OPAL: Ontology-Aware Pretrained Language Model for End-to-End Task-Oriented Dialogue
Zhi Chen, Yuncong Liu, Lu Chen, Su Zhu, Mengyue Wu, Kai Yu

TL;DR
OPAL is an ontology-aware pretrained language model designed for end-to-end task-oriented dialogue, utilizing a two-phase pretraining approach to improve performance even with limited dialogue data.
Contribution
The paper introduces a novel two-phase pretraining method that incorporates structured ontology information, enhancing task-oriented dialogue models without requiring large annotated datasets.
Findings
Achieves competitive performance on CamRest676 and MultiWOZ benchmarks.
Effectively simulates dialogue state tracking and response generation tasks.
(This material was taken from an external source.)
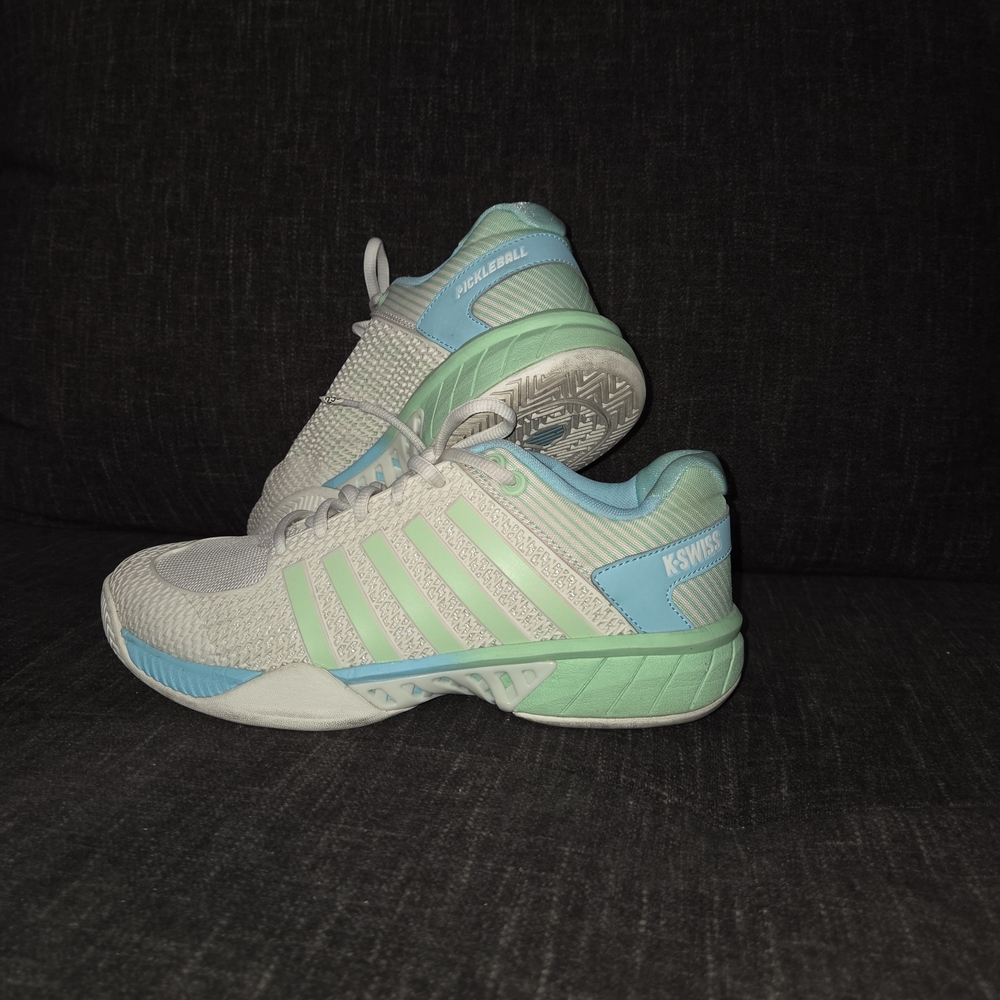 K-Swiss Women's White and Light Blue Athletic Shoes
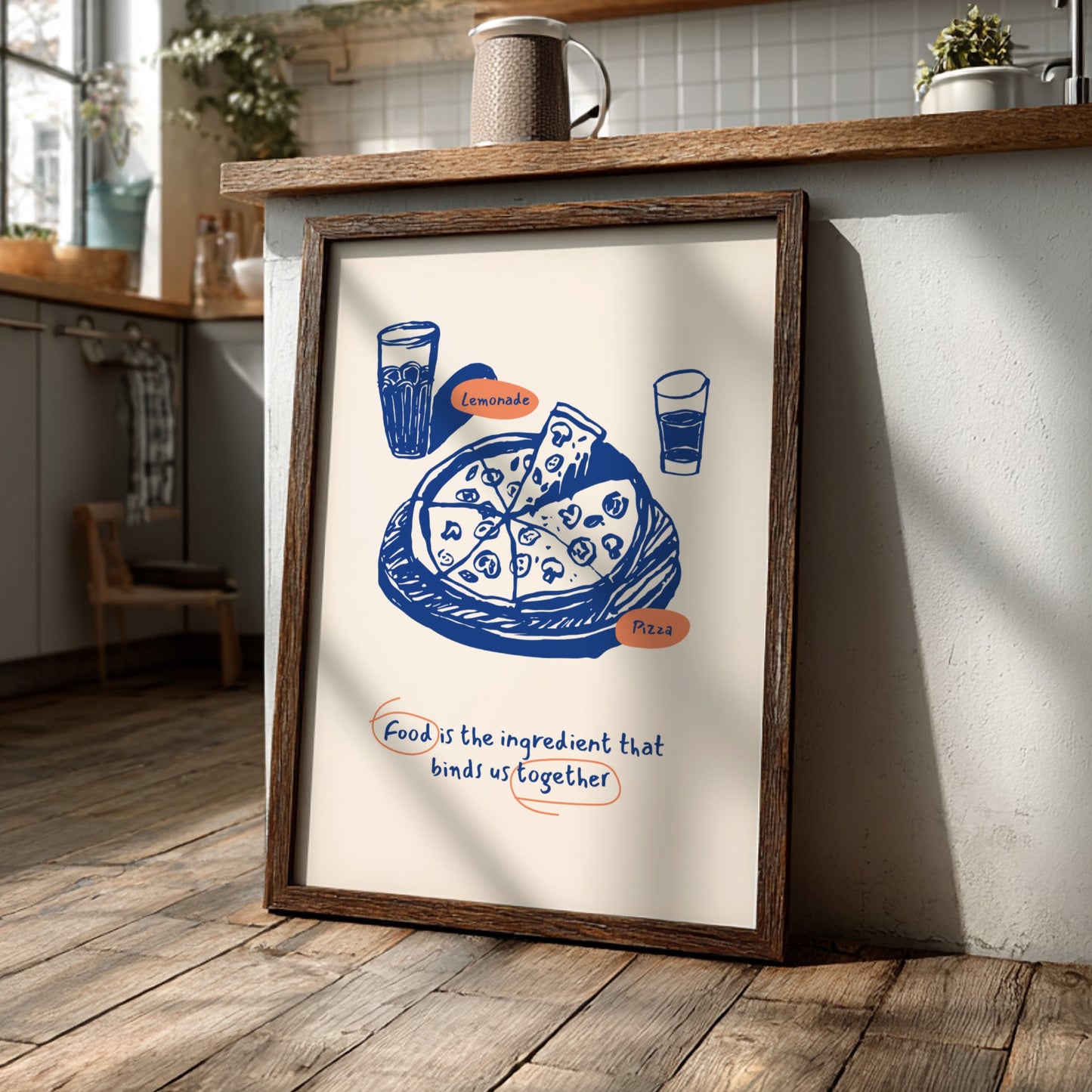 Pizza and Lemonade Poster - Fresh Italian Meal & Refreshing Drink Wall Art Print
Boosts performance even without using task-specific dialogue data.
Abstract
This paper presents an ontology-aware pretrained language model (OPAL) for end-to-end task-oriented dialogue (TOD). Unlike chit-chat dialogue models, task-oriented dialogue models fulfill at least two task-specific modules: dialogue state tracker (DST) and response generator (RG). The dialogue state consists of the domain-slot-value triples, which are regarded as the user's constraints to search the domain-related databases. The large-scale task-oriented dialogue data with the annotated structured dialogue state usually are inaccessible. It prevents the development of the pretrained language model for the task-oriented dialogue. We propose a simple yet effective pretraining method to alleviate this problem, which consists of two pretraining phases. The first phase is to pretrain on large-scale contextual text data, where the structured information of the text is extracted by the…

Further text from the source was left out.